Unlike anxiety, “relationship anxiety” is more contextualized and specific. “There is generalized anxiety disorder, which does not have a specific trigger for anxiety. There is also social anxiety or social phobia, which is the fear of being in social situations,” Macy said. Relationship anxiety isn’t deemed a a mental disorder; rather, it is considered “normal behavior” experienced by both men or women in a relationship.
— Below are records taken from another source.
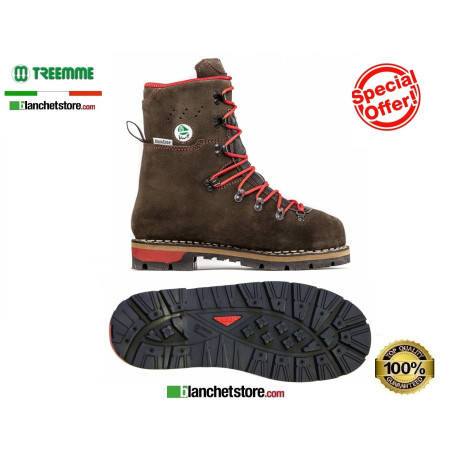 Scarpone roccia antitaglio treemme pelle rovescia 9-1108/R N.43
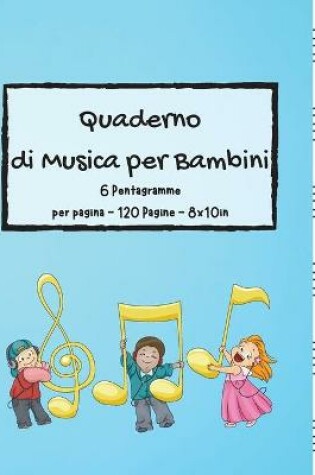 Cover of Quaderno di Musica per Bambini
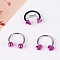 316L Stainless Steel Circular/Horseshoe Barbell Nose Rings, Hot Pink, 10mm, Pin: 1.2mm, 3pcs/set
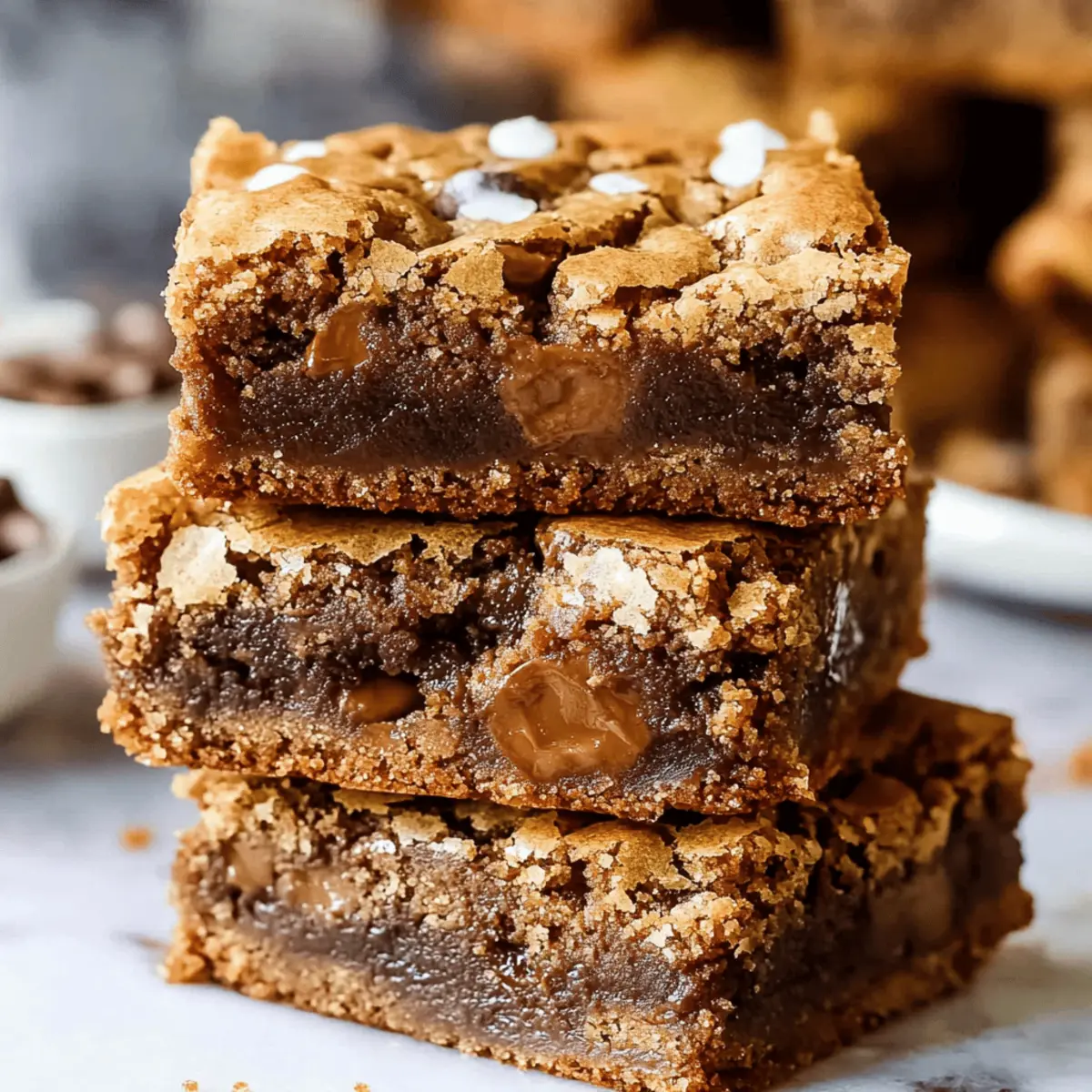 Irresistible Salted Toffee Espresso Blondies Recipe You’ll Adore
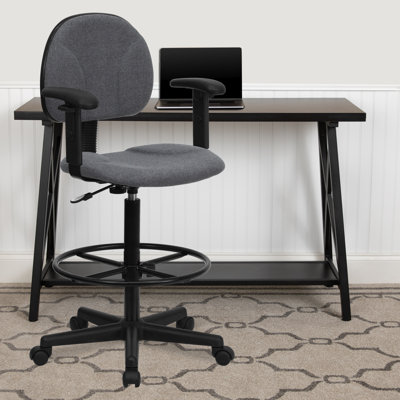 Fabric Drafting Chair with Adjustable Cylinders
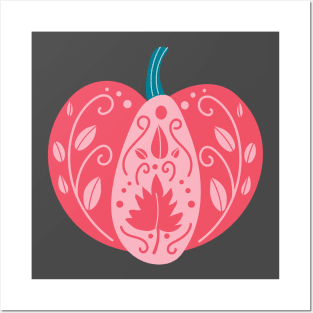 Pink Decorative Pumpkin Posters and Art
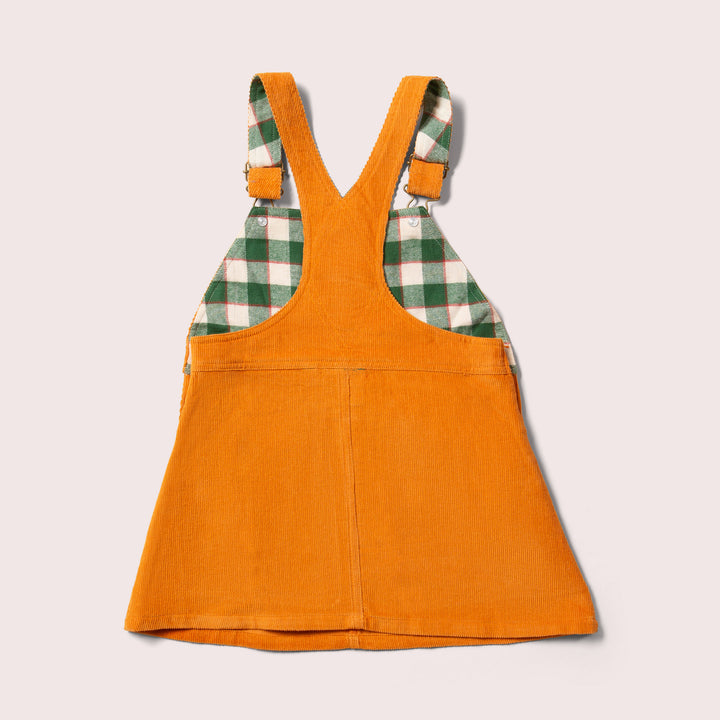 Golden Ochre Classic Pinafore Dress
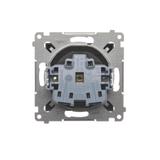 Simon 54 Gniazdo IP44 bez uszczelki 16A z. śrub. klapka transp. brąz mat *Wymagana uszczelka ramki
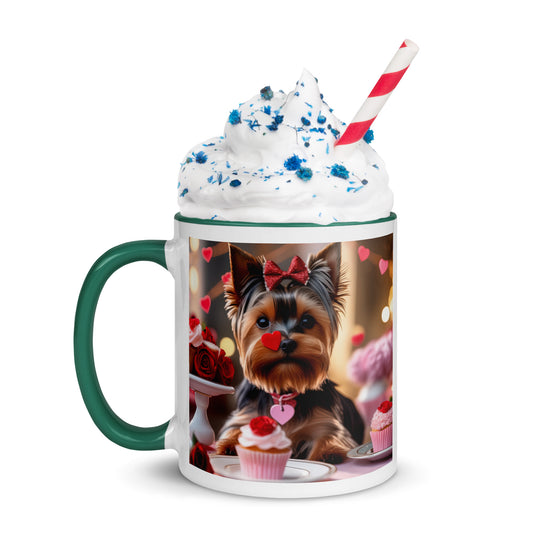 Yorkshire Terrier Romantic- Mug with Color Inside v2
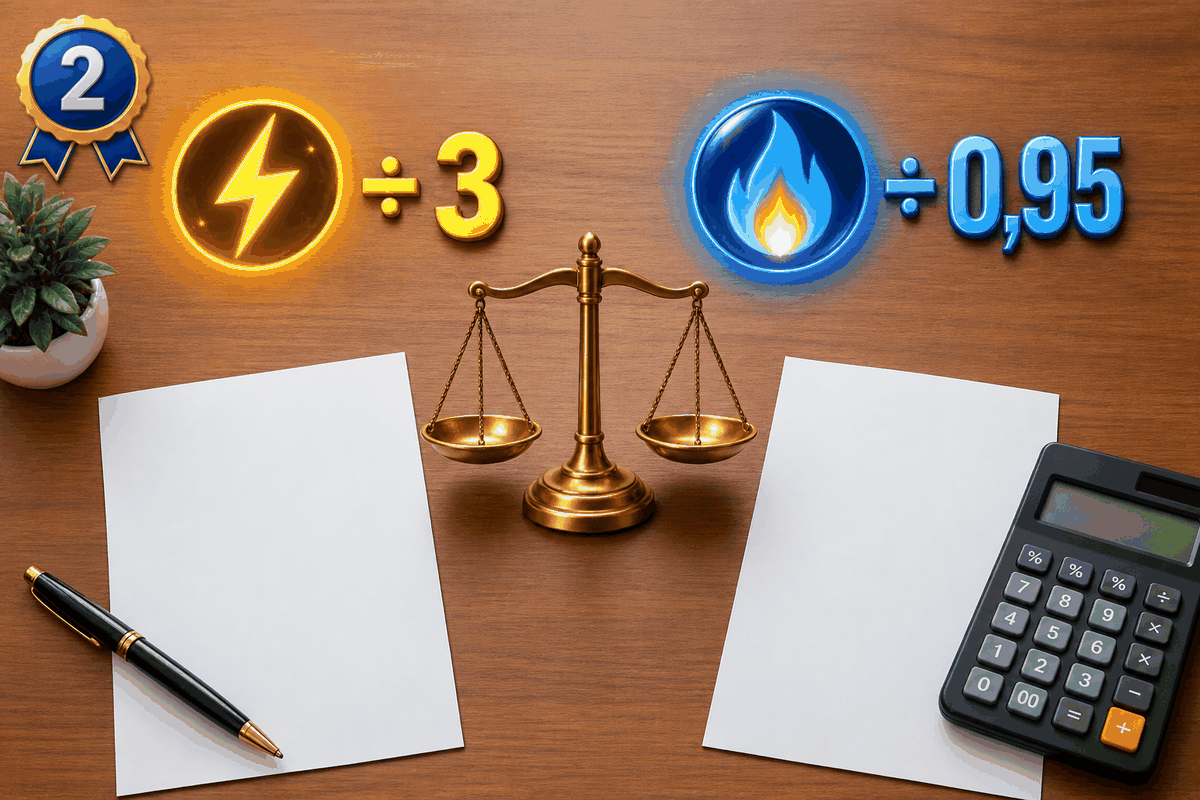 Elektrik bölü COP ile gaz bölü verim karşılaştırma formülü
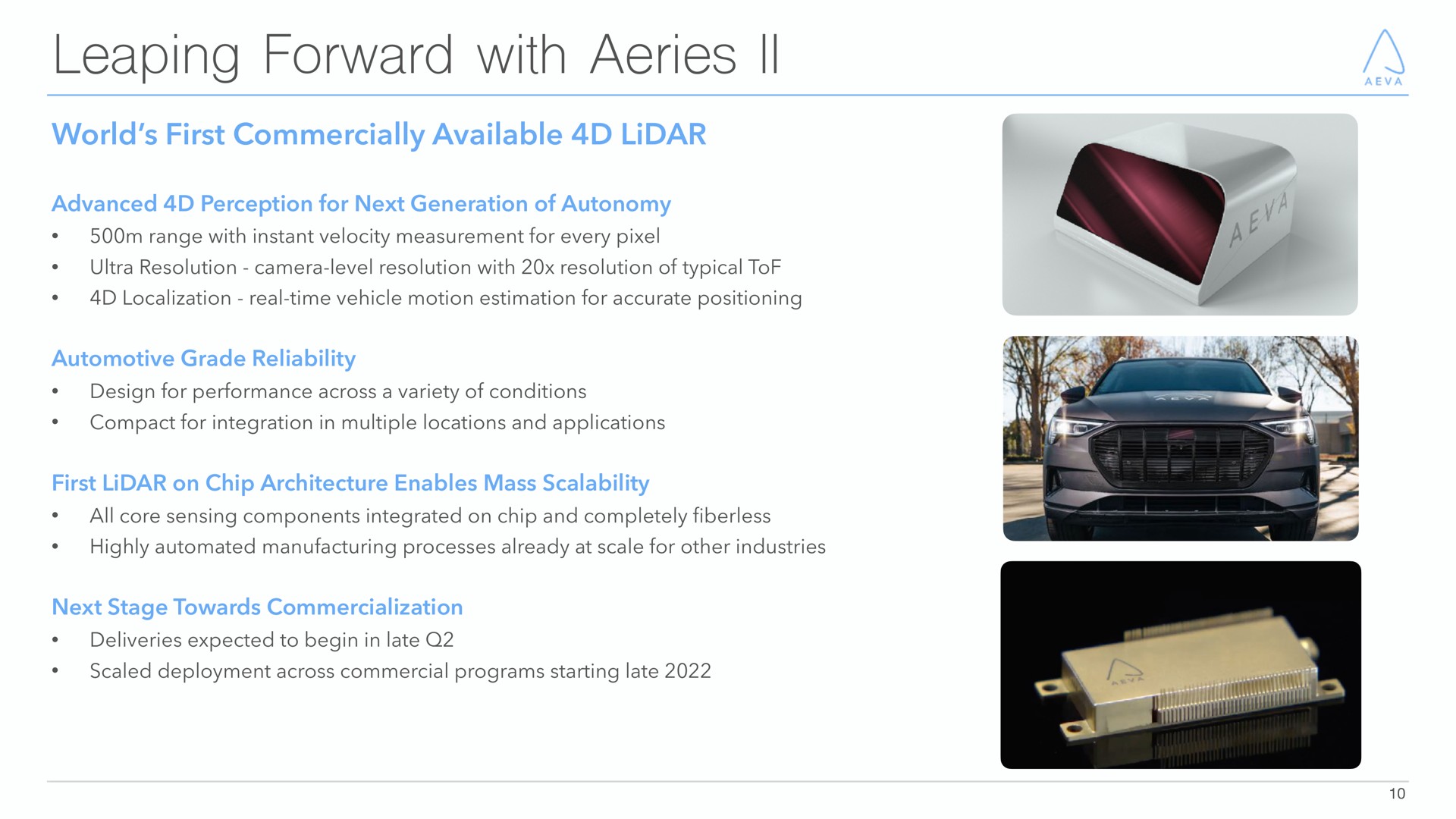 leaping forward with aeries | Aeva
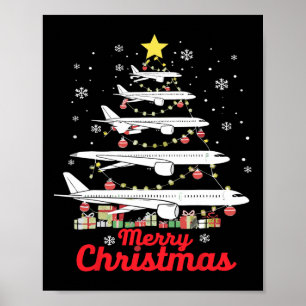 Poster Árvore de Natal de avião Feliz Natal Mais Likel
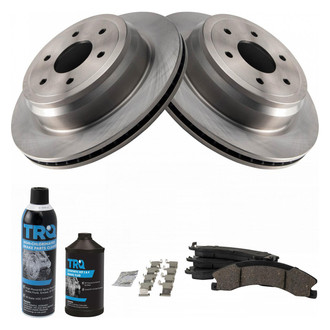 TRQ® - Rear Disc Brake Kit with Ceramic Pads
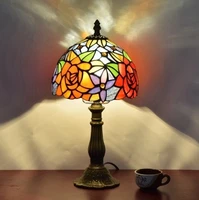 trukish decor mosaic lamp with lampshade tiffany lamp for bedroom living room mediterranean decor besideslamp table lamp fixture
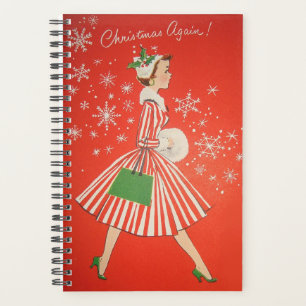 Christmas Again! Mid Century Lady in High Heels Planner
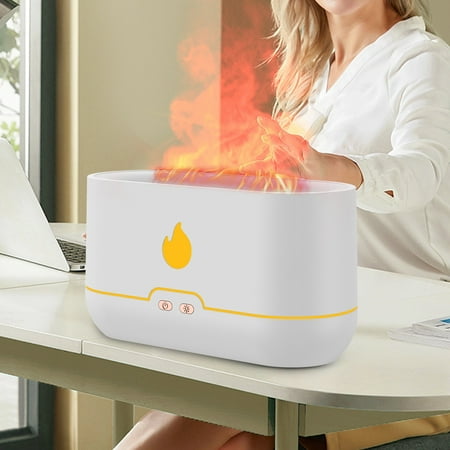 

Duety 240ml Flame Air Diffuser Flame Humidifiers Cool Mist Humidifiers Portable Essential Oil Diffuser USB Aroma Humidifier Waterless Auto Shut-Off for Home Office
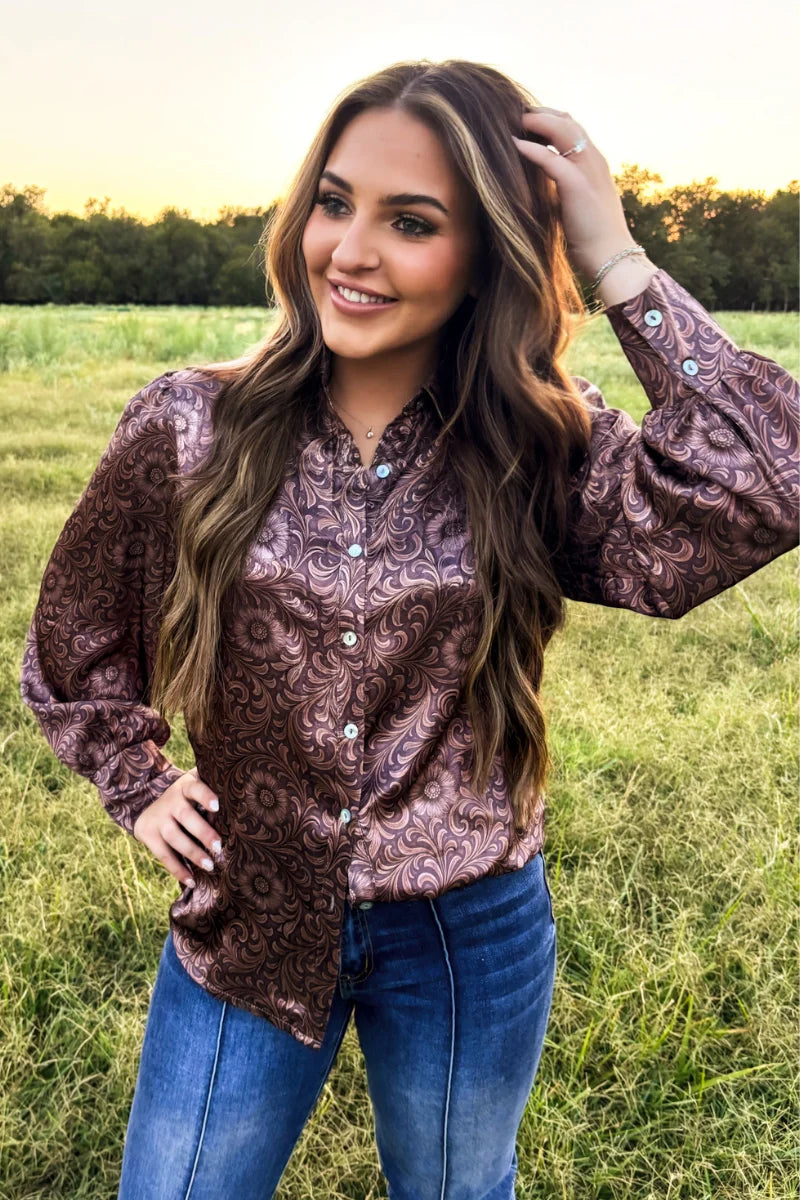 Bronzed Button up
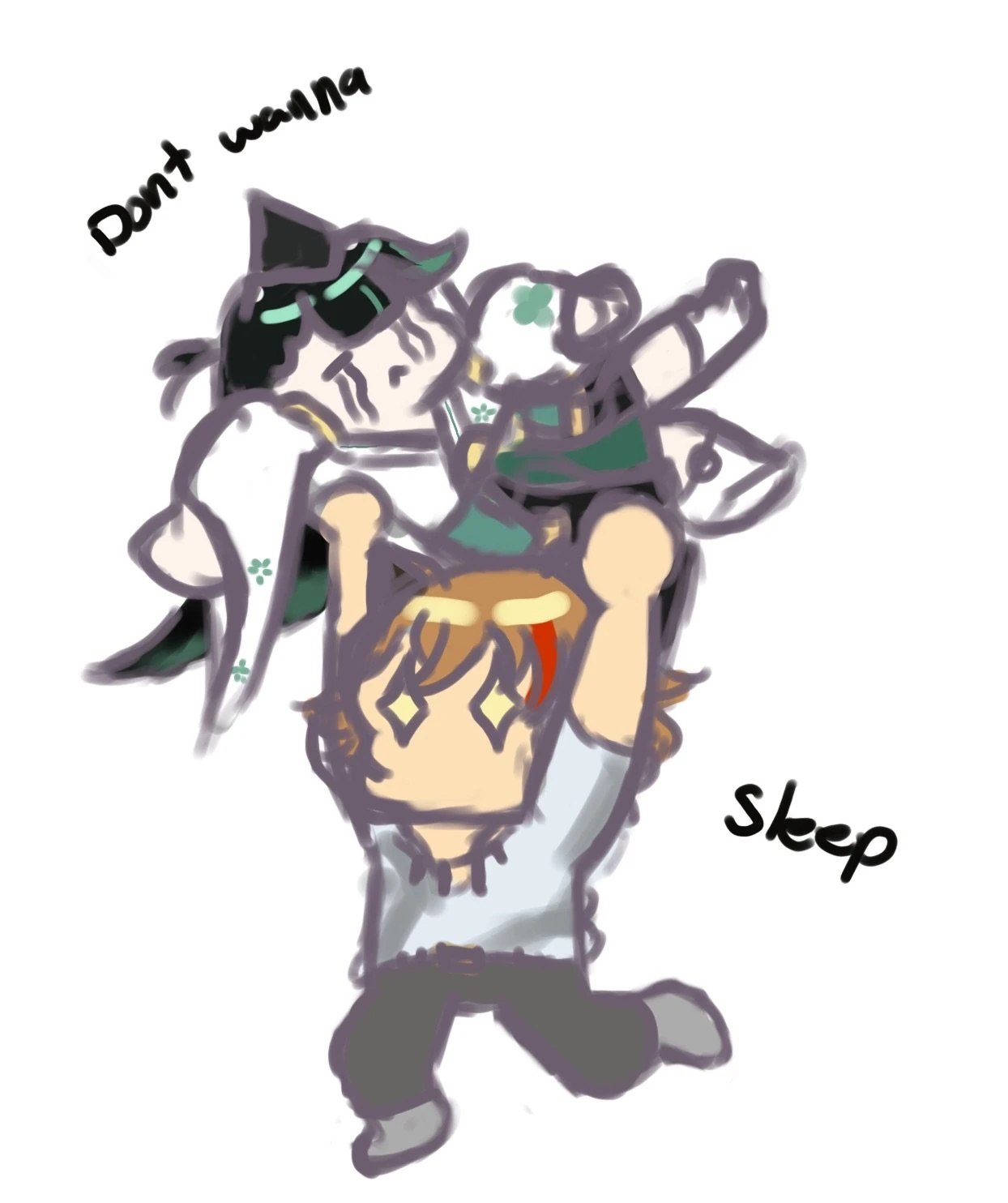 Nell and Leobel by Nell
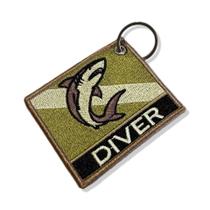 BD0176N-003 Bandeira Mergulhador Patch Bordado 7,5x6,3cm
“If we look at anxiety in a continuum, there are anxieties that are normal while there are anxieties that are clinical, which require professional help. At any point in our relationships, we can experience normal anxiety, and this does not necessarily mean that we always have to consult a psychologist. There are instances when we can handle it on our own but there are also instances when we cannot,” Macy said.
So, what is the difference between normal doubts in a relationship vs. relationship anxiety? How do you know if you or your partner has it? And most importantly, is it treatable?
Checking in with yourself: Do I have it?
Firstly, self-awareness is key! Just noticing that you are thinking these thoughts is the first step. But if at any point you begin to feel that your irrational thoughts and behaviors have become so debilitating that you cannot function normally as a partner, or that they are starting to impact the quality of your relationship, then you may already need to start doing the work.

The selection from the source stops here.